- _Provided records_
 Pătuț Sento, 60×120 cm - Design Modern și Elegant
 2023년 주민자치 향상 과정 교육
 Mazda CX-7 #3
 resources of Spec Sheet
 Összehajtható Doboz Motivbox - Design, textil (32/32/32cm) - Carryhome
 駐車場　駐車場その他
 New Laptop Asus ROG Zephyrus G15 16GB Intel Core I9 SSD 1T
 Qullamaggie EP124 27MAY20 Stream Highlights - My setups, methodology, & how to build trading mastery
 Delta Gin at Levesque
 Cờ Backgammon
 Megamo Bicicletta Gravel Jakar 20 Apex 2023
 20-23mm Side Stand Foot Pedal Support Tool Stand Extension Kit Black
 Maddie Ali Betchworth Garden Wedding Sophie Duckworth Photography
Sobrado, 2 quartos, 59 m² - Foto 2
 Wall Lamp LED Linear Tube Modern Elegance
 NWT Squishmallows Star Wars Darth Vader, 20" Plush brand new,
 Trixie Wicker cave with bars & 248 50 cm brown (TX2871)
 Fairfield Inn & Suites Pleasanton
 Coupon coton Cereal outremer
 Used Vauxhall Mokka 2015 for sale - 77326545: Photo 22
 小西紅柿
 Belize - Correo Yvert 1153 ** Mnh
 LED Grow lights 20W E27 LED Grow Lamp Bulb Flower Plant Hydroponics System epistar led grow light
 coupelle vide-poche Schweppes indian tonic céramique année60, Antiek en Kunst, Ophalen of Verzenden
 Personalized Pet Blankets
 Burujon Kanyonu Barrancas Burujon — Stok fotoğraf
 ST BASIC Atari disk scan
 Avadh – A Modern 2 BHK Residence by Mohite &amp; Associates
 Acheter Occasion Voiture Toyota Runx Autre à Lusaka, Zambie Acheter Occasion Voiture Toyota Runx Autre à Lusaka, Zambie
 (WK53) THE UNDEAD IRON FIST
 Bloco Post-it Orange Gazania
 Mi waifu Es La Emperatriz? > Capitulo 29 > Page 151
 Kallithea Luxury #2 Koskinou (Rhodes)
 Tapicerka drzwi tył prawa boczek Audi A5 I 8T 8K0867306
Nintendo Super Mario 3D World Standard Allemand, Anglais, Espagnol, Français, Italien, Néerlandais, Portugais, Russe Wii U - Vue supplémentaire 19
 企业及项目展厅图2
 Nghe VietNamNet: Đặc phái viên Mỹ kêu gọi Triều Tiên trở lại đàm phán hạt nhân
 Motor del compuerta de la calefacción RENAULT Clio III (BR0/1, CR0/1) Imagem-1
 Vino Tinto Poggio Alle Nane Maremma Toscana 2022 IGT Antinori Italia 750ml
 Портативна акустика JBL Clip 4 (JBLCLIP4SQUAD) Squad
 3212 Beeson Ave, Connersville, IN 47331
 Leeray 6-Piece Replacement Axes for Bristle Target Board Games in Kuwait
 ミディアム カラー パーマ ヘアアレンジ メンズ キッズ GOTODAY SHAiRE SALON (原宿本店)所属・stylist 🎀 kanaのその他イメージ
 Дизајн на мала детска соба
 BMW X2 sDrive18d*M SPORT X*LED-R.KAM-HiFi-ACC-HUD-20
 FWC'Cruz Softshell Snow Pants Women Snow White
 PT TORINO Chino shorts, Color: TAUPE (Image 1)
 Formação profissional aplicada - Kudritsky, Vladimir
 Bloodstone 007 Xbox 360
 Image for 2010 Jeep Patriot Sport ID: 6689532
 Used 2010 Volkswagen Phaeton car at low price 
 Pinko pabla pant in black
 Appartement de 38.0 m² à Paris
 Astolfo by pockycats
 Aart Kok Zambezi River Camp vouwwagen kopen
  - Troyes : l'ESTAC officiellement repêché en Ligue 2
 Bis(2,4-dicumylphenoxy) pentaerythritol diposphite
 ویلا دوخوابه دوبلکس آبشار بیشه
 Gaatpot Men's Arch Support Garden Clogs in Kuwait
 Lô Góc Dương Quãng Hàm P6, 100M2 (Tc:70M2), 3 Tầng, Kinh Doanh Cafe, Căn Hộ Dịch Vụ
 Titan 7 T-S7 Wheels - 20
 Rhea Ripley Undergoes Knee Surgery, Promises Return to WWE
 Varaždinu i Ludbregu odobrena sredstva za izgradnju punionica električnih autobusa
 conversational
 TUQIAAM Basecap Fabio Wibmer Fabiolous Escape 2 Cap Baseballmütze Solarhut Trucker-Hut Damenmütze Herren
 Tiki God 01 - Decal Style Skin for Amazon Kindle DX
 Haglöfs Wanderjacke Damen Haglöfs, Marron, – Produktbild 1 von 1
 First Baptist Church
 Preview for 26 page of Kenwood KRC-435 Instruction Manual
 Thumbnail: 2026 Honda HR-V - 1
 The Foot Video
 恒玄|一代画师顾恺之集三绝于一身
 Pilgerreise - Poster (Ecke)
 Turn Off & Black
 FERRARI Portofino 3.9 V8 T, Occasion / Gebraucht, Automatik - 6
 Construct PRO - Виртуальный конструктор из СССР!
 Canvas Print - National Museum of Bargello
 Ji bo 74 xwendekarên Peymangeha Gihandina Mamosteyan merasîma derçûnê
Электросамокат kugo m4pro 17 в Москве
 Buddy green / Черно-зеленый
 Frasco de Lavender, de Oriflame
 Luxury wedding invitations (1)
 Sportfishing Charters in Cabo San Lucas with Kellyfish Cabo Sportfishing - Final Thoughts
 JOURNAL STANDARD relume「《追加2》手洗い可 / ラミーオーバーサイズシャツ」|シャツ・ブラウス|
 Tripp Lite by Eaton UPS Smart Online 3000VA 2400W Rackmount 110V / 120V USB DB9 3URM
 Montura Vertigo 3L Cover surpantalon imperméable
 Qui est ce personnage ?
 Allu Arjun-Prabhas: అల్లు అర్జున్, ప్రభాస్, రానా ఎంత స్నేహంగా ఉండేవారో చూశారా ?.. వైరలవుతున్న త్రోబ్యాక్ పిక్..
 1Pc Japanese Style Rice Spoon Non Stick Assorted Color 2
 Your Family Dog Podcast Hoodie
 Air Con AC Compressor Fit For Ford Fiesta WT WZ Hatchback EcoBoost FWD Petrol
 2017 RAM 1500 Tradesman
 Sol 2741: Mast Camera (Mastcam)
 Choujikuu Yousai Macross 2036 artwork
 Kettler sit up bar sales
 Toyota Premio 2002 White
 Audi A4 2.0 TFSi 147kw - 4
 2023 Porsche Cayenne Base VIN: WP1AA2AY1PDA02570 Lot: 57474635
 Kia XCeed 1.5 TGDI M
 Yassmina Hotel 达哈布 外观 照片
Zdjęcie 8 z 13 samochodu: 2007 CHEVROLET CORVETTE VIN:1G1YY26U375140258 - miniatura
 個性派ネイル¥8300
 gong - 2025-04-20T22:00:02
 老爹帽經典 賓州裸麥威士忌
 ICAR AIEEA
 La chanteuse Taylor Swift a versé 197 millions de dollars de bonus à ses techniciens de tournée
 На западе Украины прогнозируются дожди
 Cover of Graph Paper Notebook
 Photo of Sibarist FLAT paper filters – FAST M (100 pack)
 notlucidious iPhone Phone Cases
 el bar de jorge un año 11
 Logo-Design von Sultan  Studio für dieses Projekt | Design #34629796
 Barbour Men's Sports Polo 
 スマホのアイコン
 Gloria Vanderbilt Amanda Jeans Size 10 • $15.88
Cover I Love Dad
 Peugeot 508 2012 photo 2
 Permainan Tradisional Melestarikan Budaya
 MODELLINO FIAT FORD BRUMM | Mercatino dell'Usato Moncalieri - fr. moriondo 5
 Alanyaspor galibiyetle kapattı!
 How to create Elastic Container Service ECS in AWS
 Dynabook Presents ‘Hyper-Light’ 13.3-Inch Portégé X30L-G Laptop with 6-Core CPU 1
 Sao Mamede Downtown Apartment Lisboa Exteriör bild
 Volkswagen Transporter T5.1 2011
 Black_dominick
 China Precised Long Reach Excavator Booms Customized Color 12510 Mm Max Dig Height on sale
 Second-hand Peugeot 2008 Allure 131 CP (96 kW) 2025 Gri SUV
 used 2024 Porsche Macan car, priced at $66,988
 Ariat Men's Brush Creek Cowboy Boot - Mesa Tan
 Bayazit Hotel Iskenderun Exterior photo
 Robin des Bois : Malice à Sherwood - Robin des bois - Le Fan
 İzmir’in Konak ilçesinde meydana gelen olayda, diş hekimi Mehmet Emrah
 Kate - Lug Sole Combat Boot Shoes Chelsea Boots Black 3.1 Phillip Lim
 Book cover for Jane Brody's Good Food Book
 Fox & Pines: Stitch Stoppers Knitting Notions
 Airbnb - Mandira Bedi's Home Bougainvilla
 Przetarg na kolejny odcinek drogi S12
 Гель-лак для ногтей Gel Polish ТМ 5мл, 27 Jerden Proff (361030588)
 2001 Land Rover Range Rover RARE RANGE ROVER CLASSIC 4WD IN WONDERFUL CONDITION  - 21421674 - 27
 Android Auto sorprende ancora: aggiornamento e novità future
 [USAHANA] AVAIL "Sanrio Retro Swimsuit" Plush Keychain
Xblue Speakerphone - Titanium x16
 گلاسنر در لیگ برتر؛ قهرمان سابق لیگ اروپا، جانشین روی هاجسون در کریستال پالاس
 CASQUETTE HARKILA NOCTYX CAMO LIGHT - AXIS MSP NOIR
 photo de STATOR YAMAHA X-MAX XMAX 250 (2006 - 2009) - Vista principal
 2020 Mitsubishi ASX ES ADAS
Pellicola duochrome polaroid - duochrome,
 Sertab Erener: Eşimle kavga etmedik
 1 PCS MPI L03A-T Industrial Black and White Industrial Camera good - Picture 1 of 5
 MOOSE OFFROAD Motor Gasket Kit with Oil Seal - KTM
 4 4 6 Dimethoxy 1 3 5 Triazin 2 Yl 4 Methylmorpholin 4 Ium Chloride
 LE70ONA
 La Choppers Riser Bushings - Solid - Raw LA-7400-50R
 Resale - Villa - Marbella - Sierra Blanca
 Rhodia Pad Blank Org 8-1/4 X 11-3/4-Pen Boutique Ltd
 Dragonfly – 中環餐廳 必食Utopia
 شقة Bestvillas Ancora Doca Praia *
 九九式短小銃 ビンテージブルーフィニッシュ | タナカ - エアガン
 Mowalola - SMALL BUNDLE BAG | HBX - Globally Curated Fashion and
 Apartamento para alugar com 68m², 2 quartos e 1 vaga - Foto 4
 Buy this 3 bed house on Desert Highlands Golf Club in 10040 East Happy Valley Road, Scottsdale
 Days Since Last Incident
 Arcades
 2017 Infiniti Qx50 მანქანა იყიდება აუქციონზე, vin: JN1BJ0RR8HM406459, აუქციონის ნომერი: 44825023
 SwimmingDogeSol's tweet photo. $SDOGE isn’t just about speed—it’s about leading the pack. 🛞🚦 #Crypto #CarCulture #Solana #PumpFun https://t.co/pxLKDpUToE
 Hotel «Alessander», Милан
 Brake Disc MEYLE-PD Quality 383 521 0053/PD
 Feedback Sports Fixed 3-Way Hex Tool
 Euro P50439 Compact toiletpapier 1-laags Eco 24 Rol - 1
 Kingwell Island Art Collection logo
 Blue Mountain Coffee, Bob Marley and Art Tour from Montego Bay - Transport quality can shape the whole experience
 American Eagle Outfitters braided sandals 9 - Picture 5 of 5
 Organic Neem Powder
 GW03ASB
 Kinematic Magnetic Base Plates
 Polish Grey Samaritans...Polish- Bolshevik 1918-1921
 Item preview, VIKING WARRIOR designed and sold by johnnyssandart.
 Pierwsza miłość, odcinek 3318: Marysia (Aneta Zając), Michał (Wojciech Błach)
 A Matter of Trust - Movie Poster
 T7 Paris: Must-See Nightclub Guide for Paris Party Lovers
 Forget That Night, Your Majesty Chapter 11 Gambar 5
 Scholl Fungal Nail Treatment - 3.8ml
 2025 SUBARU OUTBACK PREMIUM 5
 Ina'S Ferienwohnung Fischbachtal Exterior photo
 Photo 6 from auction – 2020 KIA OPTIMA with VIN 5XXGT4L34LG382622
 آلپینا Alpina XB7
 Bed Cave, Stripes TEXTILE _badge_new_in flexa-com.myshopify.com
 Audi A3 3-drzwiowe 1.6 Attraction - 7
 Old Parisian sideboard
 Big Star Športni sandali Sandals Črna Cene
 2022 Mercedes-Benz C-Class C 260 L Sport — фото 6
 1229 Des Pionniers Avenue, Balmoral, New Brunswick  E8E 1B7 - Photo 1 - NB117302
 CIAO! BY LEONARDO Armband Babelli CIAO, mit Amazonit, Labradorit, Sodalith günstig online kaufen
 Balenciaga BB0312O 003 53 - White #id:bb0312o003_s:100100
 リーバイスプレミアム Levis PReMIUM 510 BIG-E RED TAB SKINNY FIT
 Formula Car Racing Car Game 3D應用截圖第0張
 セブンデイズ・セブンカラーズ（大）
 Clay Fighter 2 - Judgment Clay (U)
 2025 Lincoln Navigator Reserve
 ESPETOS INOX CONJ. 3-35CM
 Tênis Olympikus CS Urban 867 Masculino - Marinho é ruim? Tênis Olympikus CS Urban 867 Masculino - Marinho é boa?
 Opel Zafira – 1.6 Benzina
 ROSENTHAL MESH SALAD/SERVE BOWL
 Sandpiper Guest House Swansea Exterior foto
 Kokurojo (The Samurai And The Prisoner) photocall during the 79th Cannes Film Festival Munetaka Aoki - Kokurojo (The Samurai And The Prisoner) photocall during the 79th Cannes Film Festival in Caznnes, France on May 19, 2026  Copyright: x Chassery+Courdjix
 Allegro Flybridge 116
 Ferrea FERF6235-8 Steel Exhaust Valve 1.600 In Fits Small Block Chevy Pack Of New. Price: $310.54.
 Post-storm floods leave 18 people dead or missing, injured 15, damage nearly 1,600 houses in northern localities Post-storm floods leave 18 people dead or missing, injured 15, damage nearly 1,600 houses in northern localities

- _Your instructions_
Restate word for word the entries above from the line with "Montura Vertigo 3L" through the line with "Your Family Dog Podcast Hoodie", inclusive, leaving out everything else.

- _Exercise solution_
 Montura Vertigo 3L Cover surpantalon imperméable
 Qui est ce personnage ?
 Allu Arjun-Prabhas: అల్లు అర్జున్, ప్రభాస్, రానా ఎంత స్నేహంగా ఉండేవారో చూశారా ?.. వైరలవుతున్న త్రోబ్యాక్ పిక్..
 1Pc Japanese Style Rice Spoon Non Stick Assorted Color 2
 Your Family Dog Podcast Hoodie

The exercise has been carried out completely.